== Segment start ==
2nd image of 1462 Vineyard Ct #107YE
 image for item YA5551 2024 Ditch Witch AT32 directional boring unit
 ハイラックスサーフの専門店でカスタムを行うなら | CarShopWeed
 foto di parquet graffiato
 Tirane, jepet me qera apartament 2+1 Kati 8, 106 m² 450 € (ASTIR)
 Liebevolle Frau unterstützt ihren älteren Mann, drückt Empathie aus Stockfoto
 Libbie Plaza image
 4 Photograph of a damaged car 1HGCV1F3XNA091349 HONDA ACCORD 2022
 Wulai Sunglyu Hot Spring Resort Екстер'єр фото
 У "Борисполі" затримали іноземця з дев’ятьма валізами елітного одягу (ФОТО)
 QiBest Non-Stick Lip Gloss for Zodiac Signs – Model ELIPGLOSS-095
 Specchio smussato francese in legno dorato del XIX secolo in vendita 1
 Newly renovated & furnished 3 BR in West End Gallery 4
== Segment end ==
Your objective |
For this exercise, restate every record word for word.

Answer for this exercise |
2nd image of 1462 Vineyard Ct #107YE
 image for item YA5551 2024 Ditch Witch AT32 directional boring unit
 ハイラックスサーフの専門店でカスタムを行うなら | CarShopWeed
 foto di parquet graffiato
 Tirane, jepet me qera apartament 2+1 Kati 8, 106 m² 450 € (ASTIR)
 Liebevolle Frau unterstützt ihren älteren Mann, drückt Empathie aus Stockfoto
 Libbie Plaza image
 4 Photograph of a damaged car 1HGCV1F3XNA091349 HONDA ACCORD 2022
 Wulai Sunglyu Hot Spring Resort Екстер'єр фото
 У "Борисполі" затримали іноземця з дев’ятьма валізами елітного одягу (ФОТО)
 QiBest Non-Stick Lip Gloss for Zodiac Signs – Model ELIPGLOSS-095
 Specchio smussato francese in legno dorato del XIX secolo in vendita 1
 Newly renovated & furnished 3 BR in West End Gallery 4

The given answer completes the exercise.